Notes: Uncountable, Undecidable, Incompressible

  • Rationals are countable. Map each pair (a,b) to a unique natural number.
  • Reals in [0,1] are uncountable. Assume, for a contradiction that they are countable. Construct a real whose i’th digit is 0 if the i’th digit of the i’th number is odd and 1 otherwise. Then this number has some index t. The t’th digit of the number gives us a contradiction.
  • Finite strings are countable, infinite (even binary) strings are uncountable.
  • Diagonalization is the proof technique we used for showing sets are uncountable and languages are undecidable.
  • Here’s a different proof of the existence of an undecidable language.
  • For a binary string x, let K(x) = \min \{ |<M>|+|y| : M \mbox{ is a Turing machine}, M \mbox{ on input } y \mbox{ outputs } x \}. In words, it is the shortest string including the description of a Turing machine and an input on which the TM produces the desired string x.
  • Claim 1. For every integer n > 1, there is a string x \in \{0,1\}^n s.t. K(x) \ge |x|.
  • Define L_K = \{ x : K(x) \ge |x| \}. L_K, the language of incompressible strings is infinite.
  • Theorem. The language L_K is undecidable.

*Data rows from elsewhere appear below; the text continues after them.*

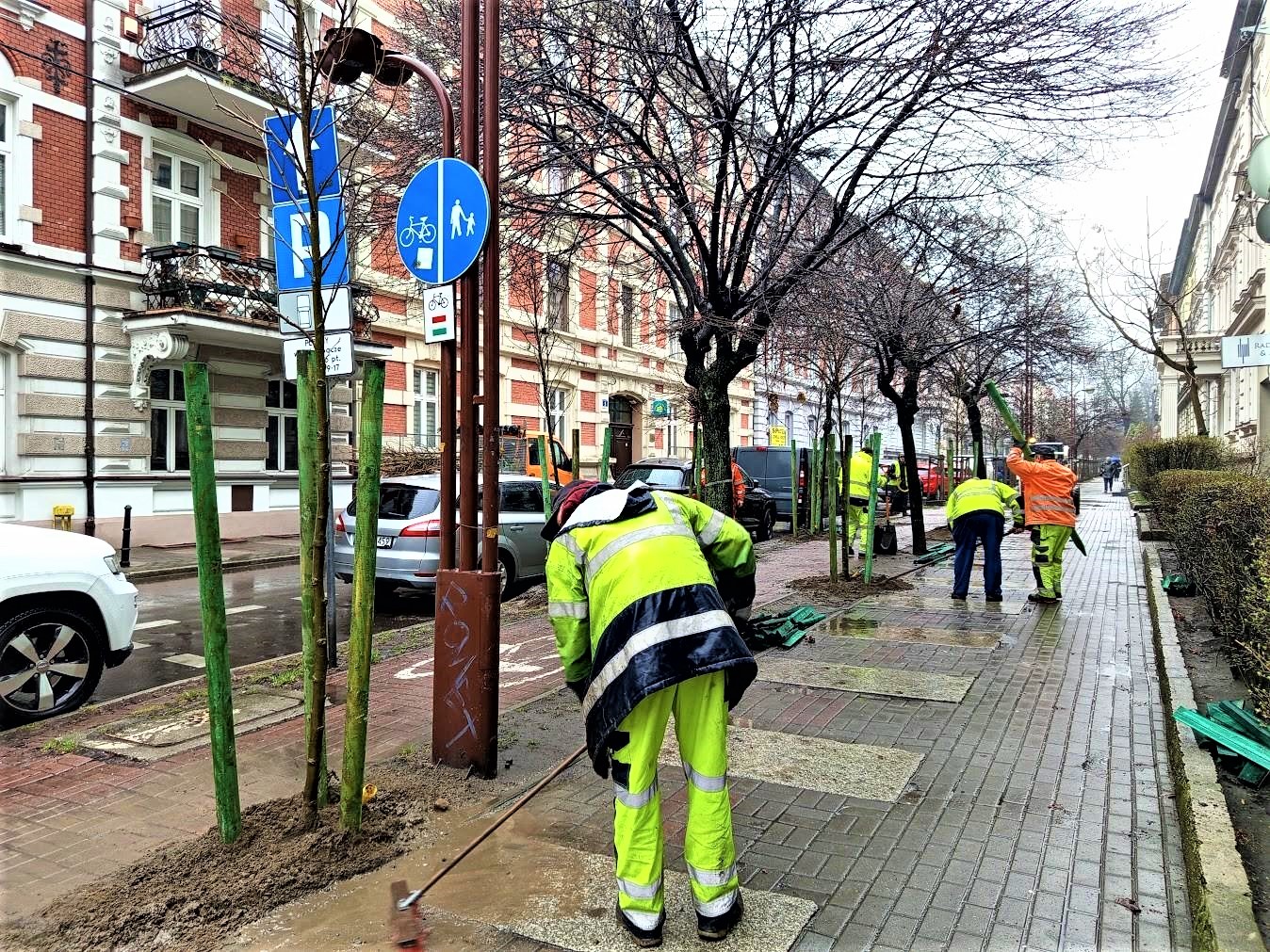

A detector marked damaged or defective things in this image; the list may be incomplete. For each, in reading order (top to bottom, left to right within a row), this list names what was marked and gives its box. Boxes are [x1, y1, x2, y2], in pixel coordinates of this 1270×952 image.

rusty metal pole [383, 52, 459, 573]
rusty metal pole [431, 0, 500, 776]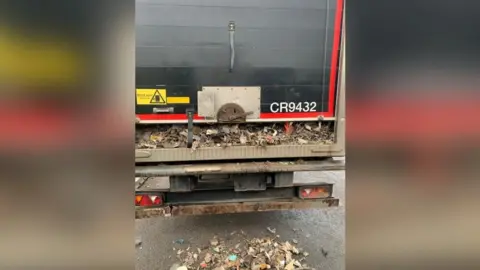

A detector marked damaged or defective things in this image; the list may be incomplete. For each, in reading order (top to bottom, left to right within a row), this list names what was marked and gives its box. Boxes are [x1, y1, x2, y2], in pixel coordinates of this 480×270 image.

rusty metal edge [135, 159, 344, 176]
rusty metal edge [133, 197, 340, 218]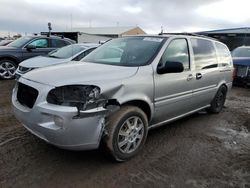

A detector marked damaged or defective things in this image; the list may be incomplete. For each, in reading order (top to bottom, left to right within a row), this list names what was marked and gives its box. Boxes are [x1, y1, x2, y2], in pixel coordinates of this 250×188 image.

crumpled front bumper [11, 78, 106, 151]
missing headlight [47, 85, 105, 113]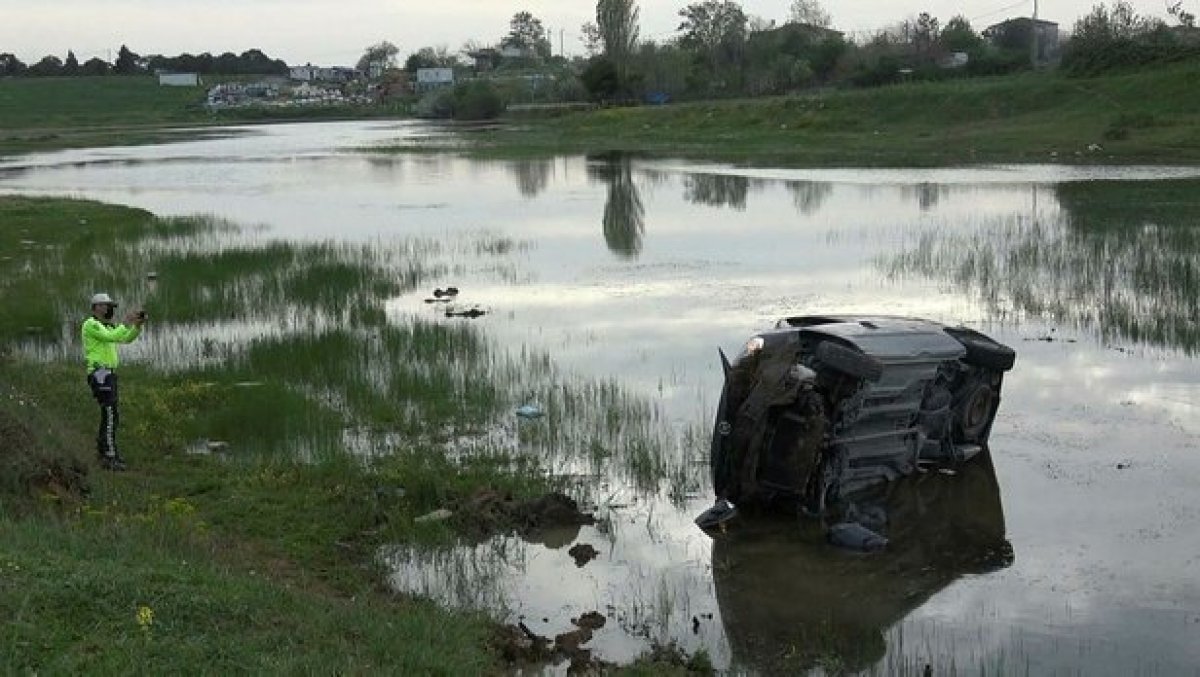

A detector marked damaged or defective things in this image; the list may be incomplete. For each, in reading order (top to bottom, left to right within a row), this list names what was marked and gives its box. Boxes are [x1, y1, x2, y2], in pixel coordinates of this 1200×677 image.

overturned car [700, 316, 1012, 528]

  • Proof. Suppose L_K is decidable. Then consider the following TM M:
    • On input an integer n, M scans through each string x of length n and outputs the lexicographically first string that belongs to L_K.
  • Claim 2. Let x_n be the string output by M on input n. Then K(x_n) \le C + \log_2 n. But K(x_n) \ge n. Contradiction for n larger than some constant!
  • Therefore, our assumption is false and L_K is undecidable.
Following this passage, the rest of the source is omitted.